Its pretty simple either you're the alpha or the dog is the alpha. Any dog that pins someone in the corner or growls at you when you sit on the couch thinks it's the alpha and needs to be shown the error of their ways real quick.
post #2128 of 3696
Quote:
Originally Posted by BP348 View Post
This +1

Its pretty simple either you're the alpha or the dog is the alpha. Any dog that pins someone in the corner or growls at you when you sit on the couch thinks it's the alpha and needs to be shown the error of their ways real quick.

True - depending on the dog, beating is often not necessary, although firmness always is.

I'm under the impression that hitting bully dogs just amps them up and is counterproductive. Actually, I'm more than under the impression - I know it's the case with some.
post #2129 of 3696
Thread Starter 
Quote:
Originally Posted by NorCal View Post
Fuck me! Makes me glad my dog has been so easy. I don't think she even uses the couch when I'm gone.

I was talking about that dog the other night and was reminded of the pic. He was a large rough PH1 Mal from Holland that was a terror on a decoy. His trachea was damaged and so he sounded like Darth Vader as he ran at you.

That was the result of one clean bite. He just clamped and ripped it off.

I should post a few pics of some of the damage that dogs have done to trainers, including my stitched up lips and missing tooth from a ring dog that went for my face.

Quote:
Originally Posted by jhcam8 View Post
True - depending on the dog, beating is often not necessary, although firmness always is.

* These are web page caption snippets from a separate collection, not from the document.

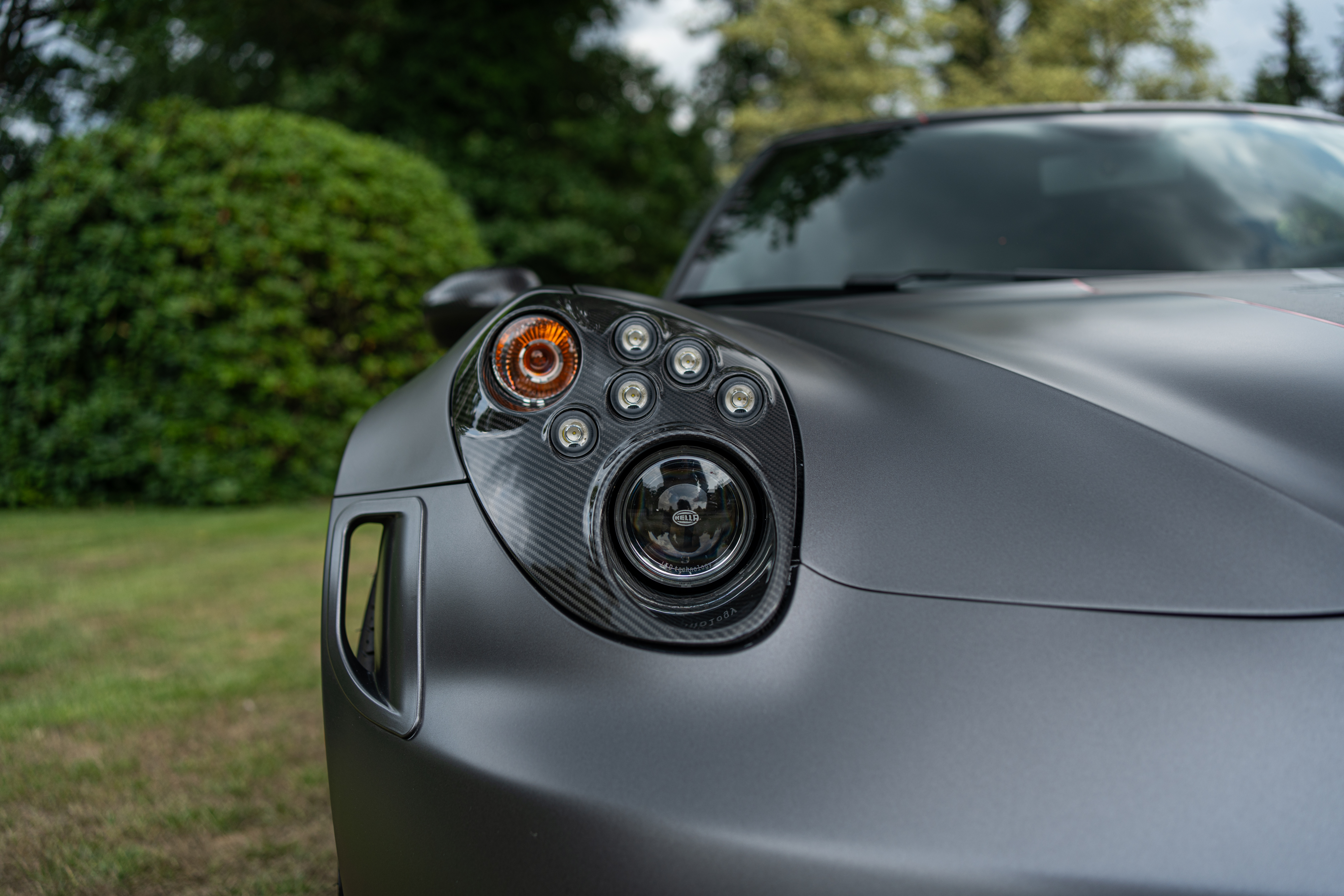 2019 ALFA ROMEO 4C COMPETIZIONE for sale in Antwerpen, Belgium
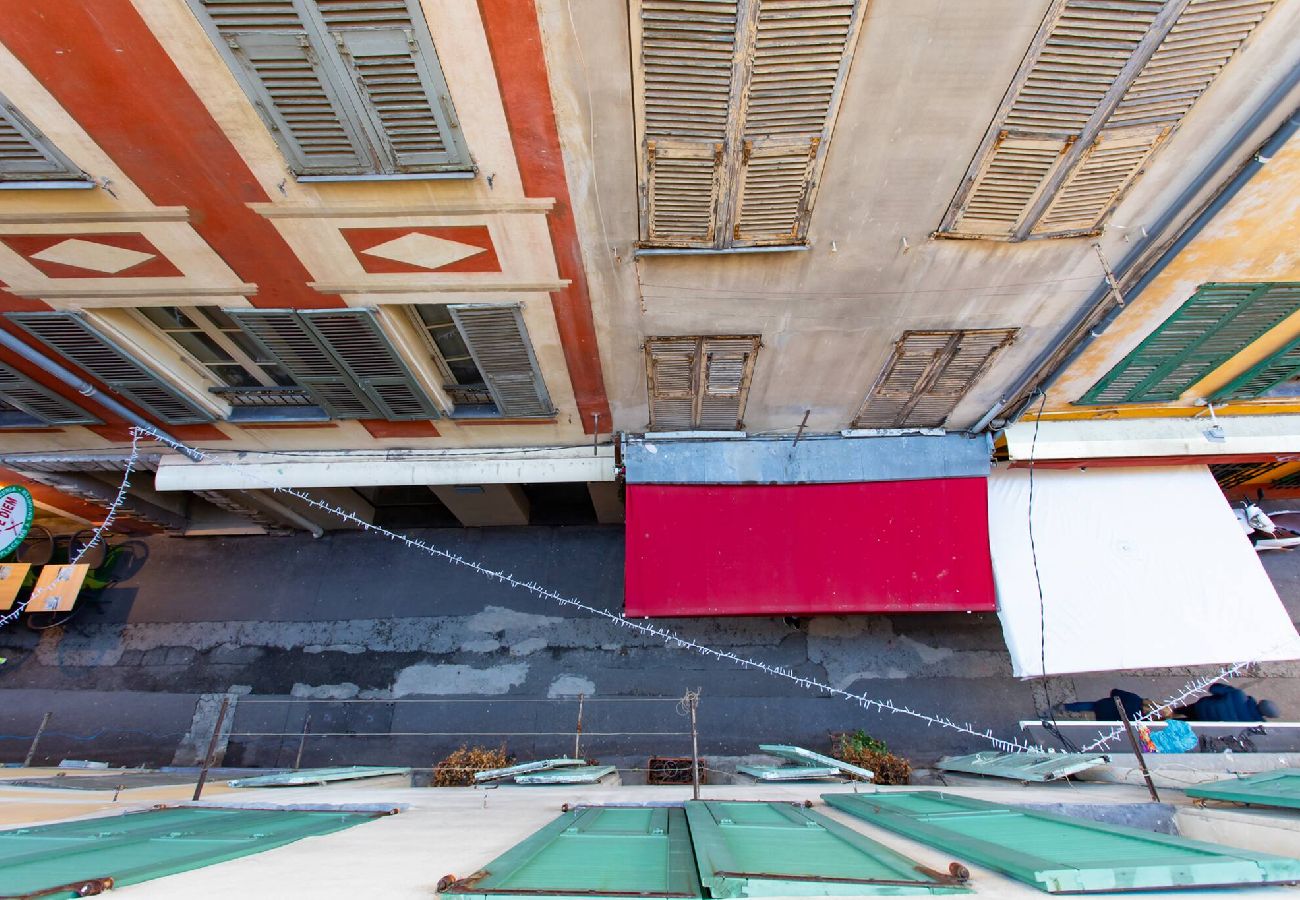 公寓 在 Nice - BM9 Suite Vielle Ville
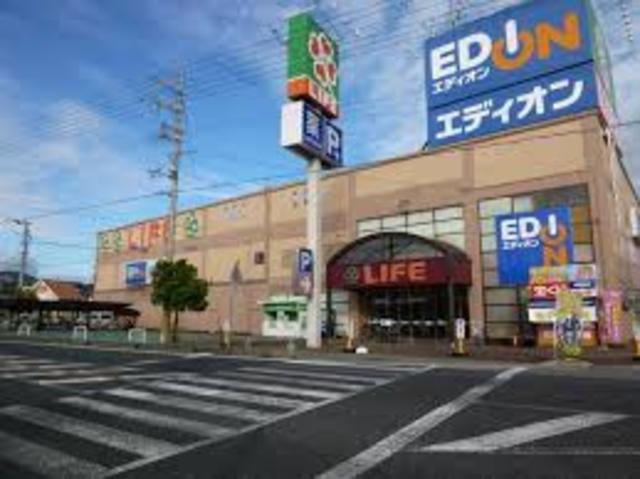スーパー　ライフ　福崎店（スーパー）まで768m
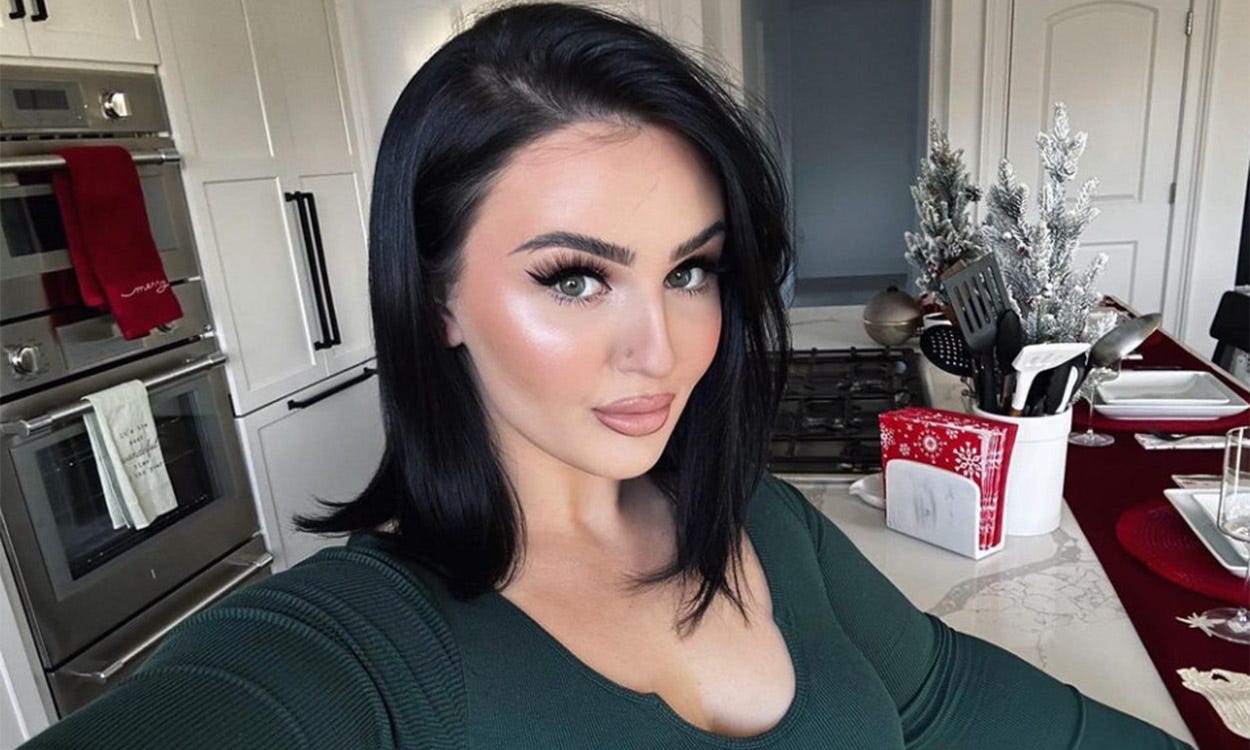 Unpacking the controversy behind TikTok beauty influencer... Unpacking the controversy behind TikTok beauty influencer...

I'm under the impression that hitting bully dogs just amps them up and is counterproductive. Actually, I'm more than under the impression - I know it's the case with some.

Depends on the dog; depends on what "hitting" is. I would rather go to a correction collar and lead for control than a whip, belt or hand. I've seen dogs hung until they passed out or beaten until their ears are bloody pulp - not for me.

lefty
post #2130 of 3696
Quote:
Originally Posted by lefty View Post
Depends on the dog; depends on what "hitting" is. I would rather go to a correction collar and lead for control than a whip, belt or hand. I've seen dogs hung until they passed out or beaten until their ears are bloody pulp - not for me. lefty
+1 With you on this one, although I am sure there are times when more hardcore action is needed I'm lucky enough not to have experienced it.